Required action
Exact copies of all the lines below are wanted, without a single picture.

◆ ◆ ◆ ◆ ◆ ◆ ◆

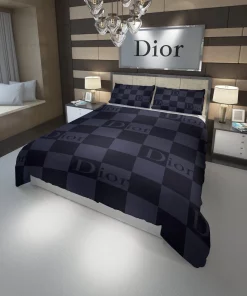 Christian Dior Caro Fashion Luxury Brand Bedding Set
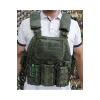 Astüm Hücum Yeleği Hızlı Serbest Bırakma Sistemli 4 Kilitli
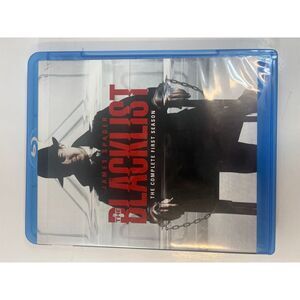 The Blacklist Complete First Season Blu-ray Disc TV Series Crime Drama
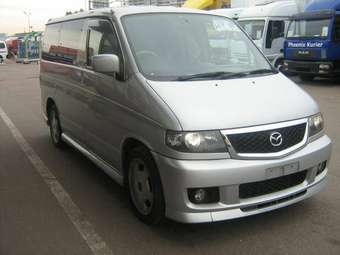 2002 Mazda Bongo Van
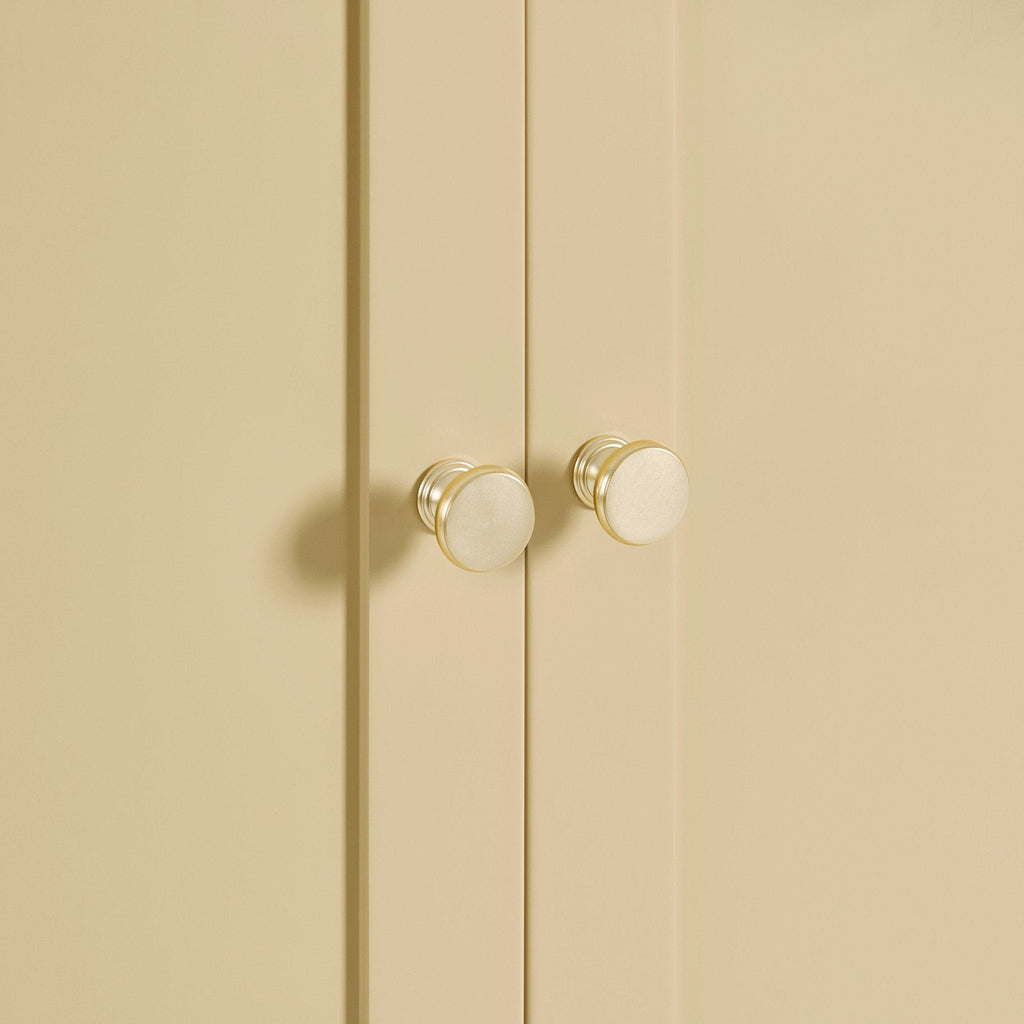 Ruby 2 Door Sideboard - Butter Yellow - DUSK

◆ ◆ ◆ ◆ ◆ ◆ ◆

Answer to the exercise
 Christian Dior Caro Fashion Luxury Brand Bedding Set
 Astüm Hücum Yeleği Hızlı Serbest Bırakma Sistemli 4 Kilitli
 The Blacklist Complete First Season Blu-ray Disc TV Series Crime Drama
 2002 Mazda Bongo Van
 Ruby 2 Door Sideboard - Butter Yellow - DUSK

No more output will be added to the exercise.